I finished The Last Samurai. One of the blurbs on the back of my book compares DeWitt to Dave Eggers, Zadie Smith, and Michael Chabon, which is absurd (Janet Maslin, The New York Times.) Sometimes I wonder if book critics have actually read any books.
Actually, all of the blurbs are absurd. One is from Time, unattributed, and ends with the sentence “And in literature as in life, DeWitt understands that what we like most of all is a good yarn.” This seems to be missing the point.
I wonder if the choice of stupid blurbs was intentional. It wasn’t, I’m sure, but for this particular novel it seems weirdly appropriate to have such banalities printed on the back. I can picture DeWitt thumbing through stacks of reviews and whatnot, picking out the most dull, misguided words of praise she could find.

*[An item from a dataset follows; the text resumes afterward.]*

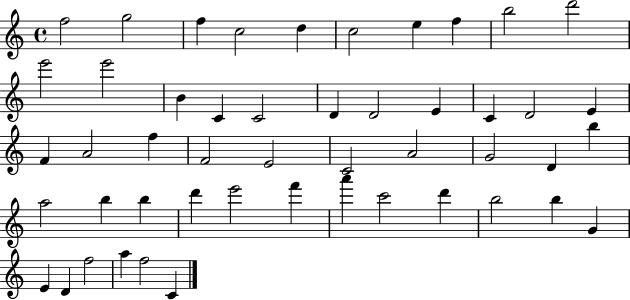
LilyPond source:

Yesterday I went to see I Like the Art World and the Art World Likes Me at the EFA Project Space, which includes a display of six satirical greeting cards designed by William Powhida and Jennifer Dalton (“I am so sorry for your loss of representation”) placed on a pedestal with white gloves. At first I was absolutely certain that the pedestal and gloves were part of the piece, included as an ironic gesture—after all, it’s a show largely devoted to mocking the pretensions of the art world—but then I looked at the label and the checklist and there was no mention of the pedestal and/or gloves under media on either of them, only “six note cards.” Maybe I was giving them too much credit.
On page 10 of Justin Taylor’s new novel The Gospel of Anarchy, there is a sentence that is probably perfect: “Every image was a whole world, complete, unfolding.” It’s the sort of sentence that serves to illustrate the distinction between “good writing” and exquisite craftsmanship & is almost certainly the most beautiful sentence ever written about late-90s Internet porn.